The government must scrap new tax policy ‘reverse charge VAT’ to show they are listening to builders and protecting jobs, according to the Federation of Master Builders (FMB)
New data from the FMB has found that 66% of builders either anticipate that reverse charge VAT will have a ‘moderate or significant’ impact on their firm’s cashflow, are still unclear on the details of this complicated policy or have never even heard of it.
When asked what the impact of reverse charge VAT will be on cashflow, builders said:
- Moderate or significant impact – 37%
- Minor or no impact – 34%
- I don’t know what the impact will be – 23%
- I don’t know what reverse charge VAT is – 6%
A ‘damaging policy being introduced’
Brian Berry, chief executive of the Federation of Master Builders, said: “Reverse charge VAT is a damaging policy being introduced at the worst possible time for builders.

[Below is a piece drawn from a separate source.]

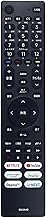 Pre-configured TV Remote Control for Hisense Models Compatible with Hisense LCD TVs Universal Hisense Replacement Remote Lightweight Remote with Bold Buttons 75U8F 65U8F 55U8F 50U8F 43U75F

“By removing the flow of VAT money between businesses in the construction supply chain, 4 in 10 builders say this will have a ‘significant or moderate’ impact on their cashflow.

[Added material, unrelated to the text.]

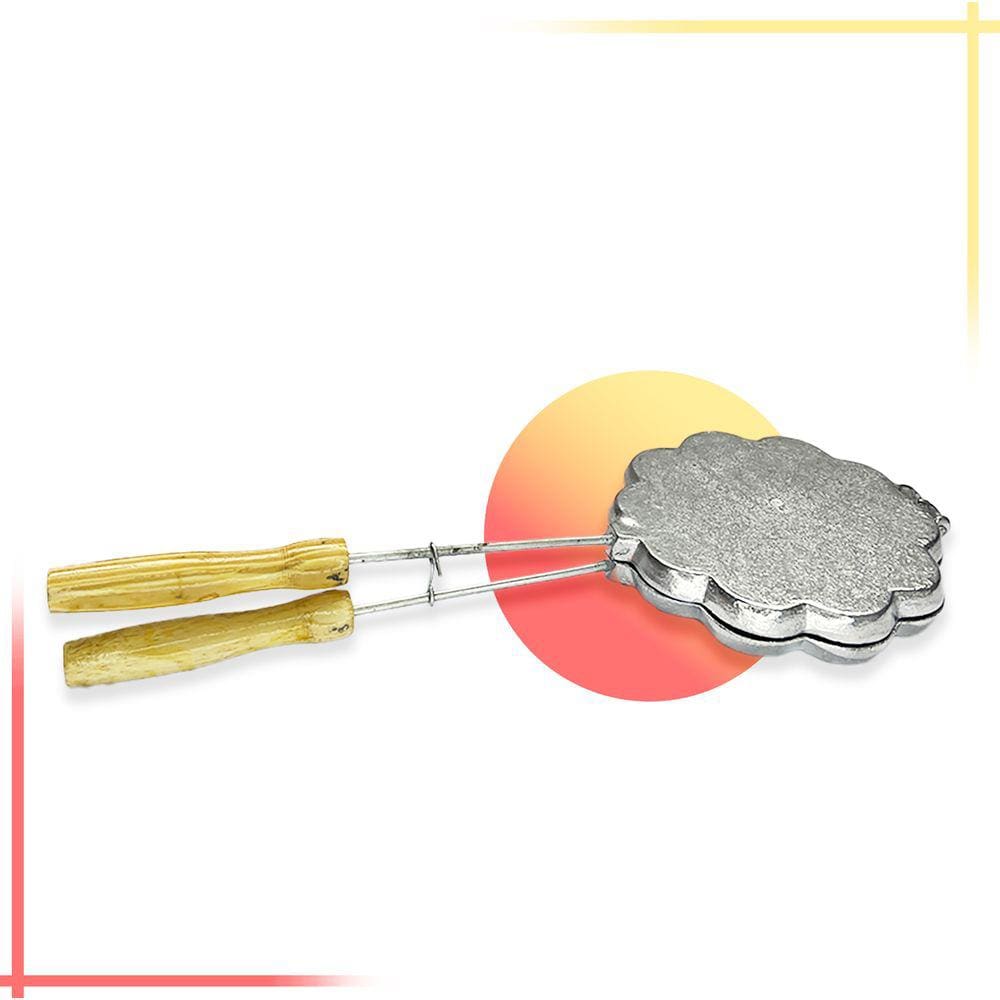 Sanduicheira Forma Flor de Waffle Crepe Para Fazer No Fogão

“The construction industry stands ready to tackle tax fraud, but reverse charge VAT harms all builders for the actions of a minority of unscrupulous firms.
“Reverse charge VAT is a complicated policy that it takes time to prepare for. Time is a luxury most builders have not had over the past year, as demonstrated by the 29% of my members who are either unaware of the policy or unsure of its impact.
“The government is placing a strong emphasis on keeping construction sites open and protecting jobs. If the industry is to continue supporting recovery, the government must listen to builders and scrap reverse charge VAT.”
Deepak Singh Udassi, director of City Lofts London, commented: “It is important to tackle fraud in the construction supply chain. Due to the little to no regulation in the industry, rogue traders are able to operate freely, to the detriment of consumers and reputable businesses like mine and other FMB members.
“However, reverse charge VAT is not the solution. A mandatory licensing scheme for UK construction businesses would tackle the root cause of this problem by introducing a minimum barrier to entry.
“Licensing would also drive-up standards, professionalism and the reputation of the industry, which is clearly not well regarded across Whitehall as demonstrated by this punitive policy.”